Material for this task: Begin
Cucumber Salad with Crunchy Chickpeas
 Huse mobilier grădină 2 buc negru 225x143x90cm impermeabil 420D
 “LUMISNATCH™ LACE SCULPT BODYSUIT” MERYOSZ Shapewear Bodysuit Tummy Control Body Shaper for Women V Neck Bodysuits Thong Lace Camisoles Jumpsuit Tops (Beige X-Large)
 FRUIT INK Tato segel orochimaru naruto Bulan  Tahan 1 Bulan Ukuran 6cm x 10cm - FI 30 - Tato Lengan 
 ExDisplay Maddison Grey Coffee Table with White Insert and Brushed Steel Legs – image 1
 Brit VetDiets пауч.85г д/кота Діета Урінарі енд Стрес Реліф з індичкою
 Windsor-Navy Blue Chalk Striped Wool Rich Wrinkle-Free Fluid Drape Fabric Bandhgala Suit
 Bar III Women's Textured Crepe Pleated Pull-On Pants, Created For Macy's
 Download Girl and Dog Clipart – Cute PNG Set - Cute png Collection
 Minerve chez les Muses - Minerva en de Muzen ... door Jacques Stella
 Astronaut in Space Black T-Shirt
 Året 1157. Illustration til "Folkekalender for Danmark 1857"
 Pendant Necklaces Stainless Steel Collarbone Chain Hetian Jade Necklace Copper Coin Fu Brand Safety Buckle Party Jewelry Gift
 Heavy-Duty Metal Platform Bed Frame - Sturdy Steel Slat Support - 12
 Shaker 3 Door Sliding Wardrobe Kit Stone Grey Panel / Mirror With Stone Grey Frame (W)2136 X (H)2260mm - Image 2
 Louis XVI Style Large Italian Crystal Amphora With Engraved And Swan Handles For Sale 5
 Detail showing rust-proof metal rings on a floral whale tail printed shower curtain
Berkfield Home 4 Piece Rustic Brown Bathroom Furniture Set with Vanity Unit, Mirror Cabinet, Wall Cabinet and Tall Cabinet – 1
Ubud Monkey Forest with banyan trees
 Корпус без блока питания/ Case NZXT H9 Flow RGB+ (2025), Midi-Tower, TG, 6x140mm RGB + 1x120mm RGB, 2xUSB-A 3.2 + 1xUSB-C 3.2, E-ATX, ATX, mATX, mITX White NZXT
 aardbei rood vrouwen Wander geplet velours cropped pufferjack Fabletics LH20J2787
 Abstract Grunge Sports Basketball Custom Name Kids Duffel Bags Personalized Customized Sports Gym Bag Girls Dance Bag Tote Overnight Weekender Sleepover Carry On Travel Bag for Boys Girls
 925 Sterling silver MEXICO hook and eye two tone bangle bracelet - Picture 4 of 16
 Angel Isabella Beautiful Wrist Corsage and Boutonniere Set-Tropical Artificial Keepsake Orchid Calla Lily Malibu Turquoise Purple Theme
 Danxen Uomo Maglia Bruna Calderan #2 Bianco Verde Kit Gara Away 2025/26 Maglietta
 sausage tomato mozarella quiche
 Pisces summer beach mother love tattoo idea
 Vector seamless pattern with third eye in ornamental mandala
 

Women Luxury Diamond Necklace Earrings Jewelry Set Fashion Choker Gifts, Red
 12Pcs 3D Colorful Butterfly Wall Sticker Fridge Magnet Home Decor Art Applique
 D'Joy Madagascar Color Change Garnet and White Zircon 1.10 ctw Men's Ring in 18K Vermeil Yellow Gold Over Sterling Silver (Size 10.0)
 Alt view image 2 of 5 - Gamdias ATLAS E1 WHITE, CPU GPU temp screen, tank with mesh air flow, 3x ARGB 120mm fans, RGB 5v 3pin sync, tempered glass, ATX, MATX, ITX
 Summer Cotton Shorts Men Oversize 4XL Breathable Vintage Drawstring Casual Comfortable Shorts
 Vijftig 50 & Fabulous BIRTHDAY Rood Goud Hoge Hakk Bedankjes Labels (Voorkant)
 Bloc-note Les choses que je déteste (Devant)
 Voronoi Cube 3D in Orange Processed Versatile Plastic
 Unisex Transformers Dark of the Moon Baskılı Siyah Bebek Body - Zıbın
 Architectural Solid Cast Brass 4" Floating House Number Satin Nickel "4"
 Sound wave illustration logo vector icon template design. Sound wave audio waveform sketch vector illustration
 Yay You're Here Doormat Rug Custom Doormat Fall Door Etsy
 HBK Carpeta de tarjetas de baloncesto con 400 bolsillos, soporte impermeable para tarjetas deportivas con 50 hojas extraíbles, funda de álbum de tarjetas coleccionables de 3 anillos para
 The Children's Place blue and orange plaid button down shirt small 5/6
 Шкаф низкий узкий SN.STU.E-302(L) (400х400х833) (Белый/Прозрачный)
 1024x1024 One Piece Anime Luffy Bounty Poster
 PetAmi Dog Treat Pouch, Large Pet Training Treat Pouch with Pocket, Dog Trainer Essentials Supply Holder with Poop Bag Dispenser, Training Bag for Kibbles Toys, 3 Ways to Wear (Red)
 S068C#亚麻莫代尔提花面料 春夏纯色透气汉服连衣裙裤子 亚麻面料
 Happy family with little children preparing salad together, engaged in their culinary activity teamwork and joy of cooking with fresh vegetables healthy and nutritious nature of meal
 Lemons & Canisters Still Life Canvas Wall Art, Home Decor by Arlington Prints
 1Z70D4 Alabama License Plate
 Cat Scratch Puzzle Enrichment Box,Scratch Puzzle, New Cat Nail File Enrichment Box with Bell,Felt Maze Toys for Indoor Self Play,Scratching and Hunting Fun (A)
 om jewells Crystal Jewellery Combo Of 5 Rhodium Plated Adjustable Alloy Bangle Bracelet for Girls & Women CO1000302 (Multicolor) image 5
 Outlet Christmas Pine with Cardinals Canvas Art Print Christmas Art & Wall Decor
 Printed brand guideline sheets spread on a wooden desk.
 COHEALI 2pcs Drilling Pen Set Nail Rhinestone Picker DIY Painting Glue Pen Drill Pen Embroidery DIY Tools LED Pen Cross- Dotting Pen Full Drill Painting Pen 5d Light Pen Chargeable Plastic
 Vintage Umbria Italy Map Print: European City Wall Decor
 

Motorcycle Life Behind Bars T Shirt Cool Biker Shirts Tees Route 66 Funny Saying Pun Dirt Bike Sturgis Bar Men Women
Material for this task: End
» Task requirements: Scan the entries above and show each line that contains the word "Nail".

» Result for this task:
 Cat Scratch Puzzle Enrichment Box,Scratch Puzzle, New Cat Nail File Enrichment Box with Bell,Felt Maze Toys for Indoor Self Play,Scratching and Hunting Fun (A)
 COHEALI 2pcs Drilling Pen Set Nail Rhinestone Picker DIY Painting Glue Pen Drill Pen Embroidery DIY Tools LED Pen Cross- Dotting Pen Full Drill Painting Pen 5d Light Pen Chargeable Plastic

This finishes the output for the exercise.